A self-portrait by Frida Kahlo, an artist known for her raw emotional intensity, sold for $34.9 million at Sotheby’s on Tuesday night, setting an auction benchmark for the most expensive artwork by a Latin American artist.

Completed five years before her death in 1954, the oil painting, “Diego and I,” is one of Kahlo’s final self-portraits and an example of the unsettling intimacy that has attracted collectors to her paintings. The work offers a window into her turbulent marriage with the Mexican muralist Diego Rivera, who is depicted in it just above the artist’s tearful eyes.

In setting a new high for a Latin American artist at auction, Kahlo surpassed a benchmark set by Rivera in 2018, when one of his paintings sold at auction for $9.76 million — or the equivalent of $10.75 million today, accounting for inflation.

A Sotheby’s spokesman identified painting’s buyer as Eduardo F. Costantini, the founder of a museum in Buenos Aires. The work was purchased for his private collection. The spokesman declined to reveal the identity of the seller.

The winning bid for $34.9 million after fees was taken by Anna Di Stasi, Sotheby’s director of Latin American art. A big sale had been assured even before the auction started because Sotheby’s had both a house guarantee and an irrevocable bid from a third party.

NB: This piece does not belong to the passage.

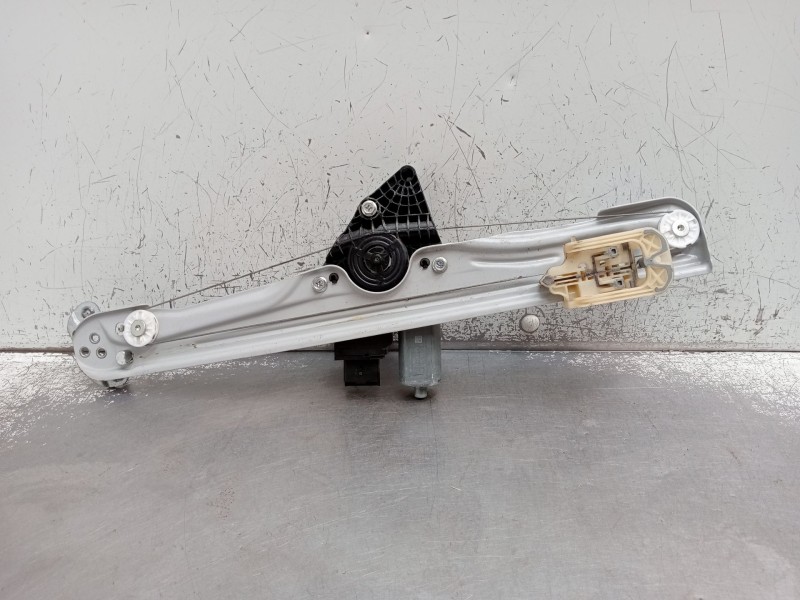 Recambio de elevalunas delantero izquierdo para opel crossland x / crossland (p17, p2qo) 1.2 (75) referencia OEM IAM 98820P1M21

[On Wednesday, in an interview with The New York Times, Mr. Costantini that he had placed the irrevocable bid on “Diego and I” and that he planned on exhibiting the painting at the Latin American Art Museum of Buenos Aires, known as MALBA, next year. “I had looked at the painting so many times in books, then all the sudden it came up for auction,” Mr. Costantini said. “I had started dreaming about buying the piece.”]

Adriana Zavala, who curated a 2015 Kahlo exhibition at the New York Botanical Garden, said, “This is an important late work from a period where her physical suffering had intensified and her painting became erratic.”

Dr. Zavala added, “She looks less polished and poised.”

Kahlo, who was born in 1907 in Mexico City, began painting in 1926 while recovering from a bus accident that had left her with chronic pain. She developed a rich iconography touching on the realms of life and death, mixing violence and vulnerability in ways that often shocked viewers by pushing gender norms. She died at 47.

“It’s a museum-quality piece,” Brooke Lampley, Sotheby’s chairman and worldwide head of global fine art sales, said of “Diego and I.” She added that cultural institutions had expressed interest in the artwork but that demand from private collectors had been high. “Frida is now on the wish list of collectors who collect great masterpieces of modern art.”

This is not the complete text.